Regex Woes

I have a script that pulls information from an open source IPAM tool. The script, using the native API, returns an xml string like so:

<HostList>
   <Host>172.20.1.49,FH-INET-TK-FW-P,FH,,Default gateway for segment,</Host>
   <Host>172.20.3.1,FW1FHNGXINT,FH,Network - Firewall,Cluster IP. Default Gateway for segment
,</Host>
   <Host>172.24.56.1,FW1OKNGXINT,OK,Network - Firewall,Default Gateway for the
segment,Reserved (Network)</Host>
   <Host>172.25.80.1,Available,OK,,CAUTION!! This is NOT the default gateway. The real default gateway is 172.2
5.85.1,See Comment</Host>
   <Host>172.31.200.254,FW1OKNGXINT,OK,,Default Gateway for the segment,</Host>
</HostList>

This is all returned in a single string $bn. I am attempting to use regex to pull the various items out, with the intent to eventually be able to find the default gateway for a given network segment. This is what I am using currently for the regex:

   $hosts = [regex]::new("(?<=Host>)(.*)(?=</Host>)")
      $hosts.Matches($bn) |
         ForEach-Object {
	    write-host "HostName: $(($_.Groups[1].Value).Split(",")[1])"
	 }

The problem is I am only getting some of the return.

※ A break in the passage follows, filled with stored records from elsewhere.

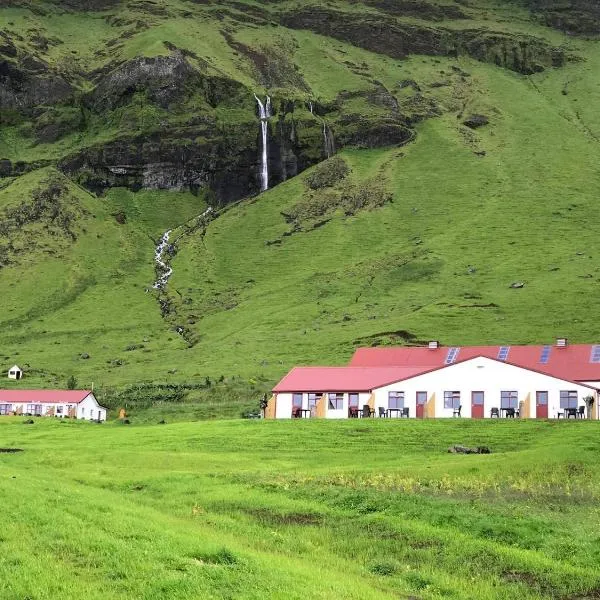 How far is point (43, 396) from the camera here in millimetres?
103562

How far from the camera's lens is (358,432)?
190 feet

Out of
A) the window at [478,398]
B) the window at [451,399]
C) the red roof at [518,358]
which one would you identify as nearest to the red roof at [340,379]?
the red roof at [518,358]

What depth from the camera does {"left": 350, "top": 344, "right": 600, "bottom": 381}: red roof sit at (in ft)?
252

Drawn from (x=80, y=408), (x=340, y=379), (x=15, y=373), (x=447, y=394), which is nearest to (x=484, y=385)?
(x=447, y=394)

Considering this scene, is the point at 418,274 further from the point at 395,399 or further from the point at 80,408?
the point at 395,399

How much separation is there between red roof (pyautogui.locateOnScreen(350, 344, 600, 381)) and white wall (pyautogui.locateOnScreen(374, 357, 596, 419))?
3.33ft

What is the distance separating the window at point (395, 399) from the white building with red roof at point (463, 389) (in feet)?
0.29

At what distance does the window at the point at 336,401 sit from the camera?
77125mm

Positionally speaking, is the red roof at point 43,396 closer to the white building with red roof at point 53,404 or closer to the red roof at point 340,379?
the white building with red roof at point 53,404


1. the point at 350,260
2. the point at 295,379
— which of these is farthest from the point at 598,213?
the point at 295,379

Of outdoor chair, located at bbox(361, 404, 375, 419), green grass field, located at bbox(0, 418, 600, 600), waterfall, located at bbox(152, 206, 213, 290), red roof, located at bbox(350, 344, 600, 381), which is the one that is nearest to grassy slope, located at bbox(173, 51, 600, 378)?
waterfall, located at bbox(152, 206, 213, 290)

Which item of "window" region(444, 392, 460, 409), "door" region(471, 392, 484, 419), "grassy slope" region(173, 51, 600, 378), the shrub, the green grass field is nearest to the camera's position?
the green grass field

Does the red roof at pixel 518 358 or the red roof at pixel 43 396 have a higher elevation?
the red roof at pixel 518 358

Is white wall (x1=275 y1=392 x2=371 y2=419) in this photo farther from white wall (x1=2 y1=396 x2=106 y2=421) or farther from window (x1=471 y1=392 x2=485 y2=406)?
white wall (x1=2 y1=396 x2=106 y2=421) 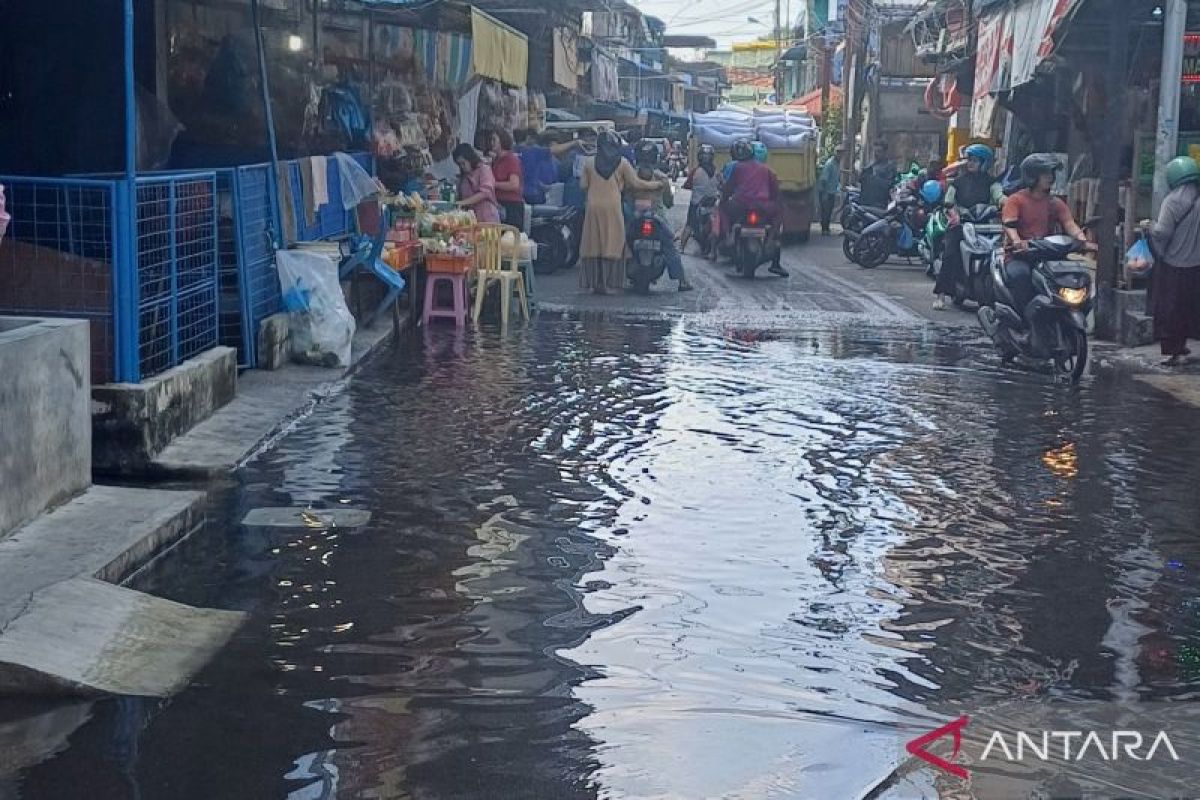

I get three of the 5 records returned, but the others don’t show up for some reason. I tried changing the regex from greedy (.) to non (.?) but that is truly the limit of my regex skills (still makes my eyes bleed). Just curious if anyone sees anything I am doing wrong on the regex before I think of another way to get the data like casting to xml.

Your exampla data does not look like XML. I assume it’s because the forum api does not like XML. :wink: If you like to show XML data here you could put it on Github and post it here as GithubGist.
If you have XML data you should tread it as such and not try to deal with it as plain text. Here a short overview on how to work with XML: Mastering everyday XML tasks in PowerShell.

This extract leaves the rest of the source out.